• _Data shown_
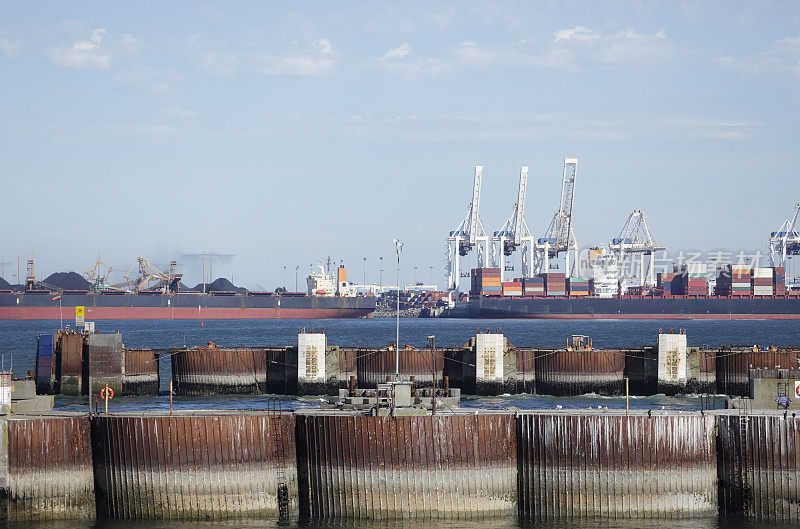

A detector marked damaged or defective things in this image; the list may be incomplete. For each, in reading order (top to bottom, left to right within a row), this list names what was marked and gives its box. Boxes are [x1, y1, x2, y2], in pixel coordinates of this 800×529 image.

rusty steel sheet pile wall [122, 348, 161, 394]
rusty steel sheet pile wall [170, 344, 270, 394]
rusty steel sheet pile wall [354, 346, 444, 388]
rusty steel sheet pile wall [536, 348, 628, 394]
rusty steel sheet pile wall [716, 346, 800, 396]
rusty steel sheet pile wall [5, 412, 95, 520]
rust stain on metal [5, 412, 95, 520]
rusty steel sheet pile wall [90, 410, 296, 516]
rust stain on metal [91, 410, 296, 516]
rusty steel sheet pile wall [296, 412, 516, 520]
rust stain on metal [296, 412, 516, 520]
rusty steel sheet pile wall [520, 410, 720, 516]
rust stain on metal [520, 410, 720, 516]
rusty steel sheet pile wall [720, 412, 800, 520]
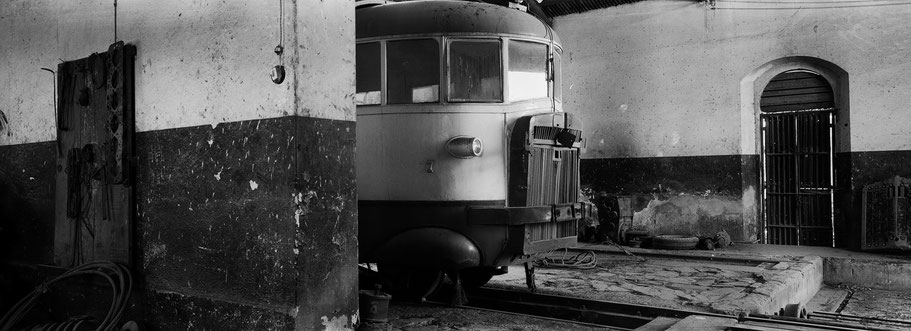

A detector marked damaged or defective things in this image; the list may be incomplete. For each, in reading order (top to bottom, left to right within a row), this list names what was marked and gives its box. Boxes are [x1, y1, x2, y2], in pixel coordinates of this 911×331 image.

peeling plaster wall [0, 0, 356, 330]
peeling plaster wall [556, 0, 911, 244]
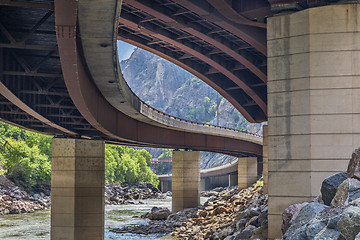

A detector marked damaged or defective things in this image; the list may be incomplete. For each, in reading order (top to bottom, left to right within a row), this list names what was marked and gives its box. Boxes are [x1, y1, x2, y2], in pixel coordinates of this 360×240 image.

rusted steel girder [54, 0, 262, 157]
rusted steel girder [119, 17, 268, 116]
rusted steel girder [122, 0, 266, 83]
rusted steel girder [172, 0, 268, 55]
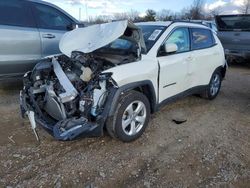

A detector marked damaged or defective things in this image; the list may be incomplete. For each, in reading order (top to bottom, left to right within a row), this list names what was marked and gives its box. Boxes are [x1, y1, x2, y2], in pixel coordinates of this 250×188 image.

• _Work request_
Reproduce every entry word for word, but skip any pictures.

• _Problem solution_
A detector marked damaged or defective things in this image; the list may be incomplete. For each, in reading order (top to bottom, left to right within a row), this list names what was marked and gives its box. Boxes are [x1, y1, x2, y2], in pixel coordinates of this 800×529 image.

rusty steel sheet pile wall [122, 348, 161, 394]
rusty steel sheet pile wall [170, 344, 270, 394]
rusty steel sheet pile wall [354, 346, 444, 388]
rusty steel sheet pile wall [536, 348, 628, 394]
rusty steel sheet pile wall [716, 346, 800, 396]
rusty steel sheet pile wall [5, 412, 95, 520]
rust stain on metal [5, 412, 95, 520]
rusty steel sheet pile wall [90, 410, 296, 516]
rust stain on metal [91, 410, 296, 516]
rusty steel sheet pile wall [296, 412, 516, 520]
rust stain on metal [296, 412, 516, 520]
rusty steel sheet pile wall [520, 410, 720, 516]
rust stain on metal [520, 410, 720, 516]
rusty steel sheet pile wall [720, 412, 800, 520]

A detector marked damaged or defective things in this image; the list may be incomplete. For each, in reading order (top to bottom, left to right within a row), this list names what was marked and gives its box. Boxes are [x1, y1, x2, y2], in pixel coordinates of this 911×331 image.

peeling plaster wall [0, 0, 356, 330]
peeling plaster wall [556, 0, 911, 244]

A detector marked damaged or defective things in this image; the list may be incomplete. For each, in reading order (top to bottom, left to right within a row), this list names what was marked and gives its box. Boxes are [x1, y1, x2, y2], in pixel coordinates of this 360×240 image.

rusted steel girder [54, 0, 262, 157]
rusted steel girder [119, 17, 268, 116]
rusted steel girder [122, 0, 266, 83]
rusted steel girder [172, 0, 268, 55]

A detector marked damaged or defective things in this image; the list may be incomplete. For each, in reading order (top to bottom, left to right within a row), this list names what was marked and gives its box. Boxes are [x1, y1, x2, y2], in pixel coordinates of this 250×188 image.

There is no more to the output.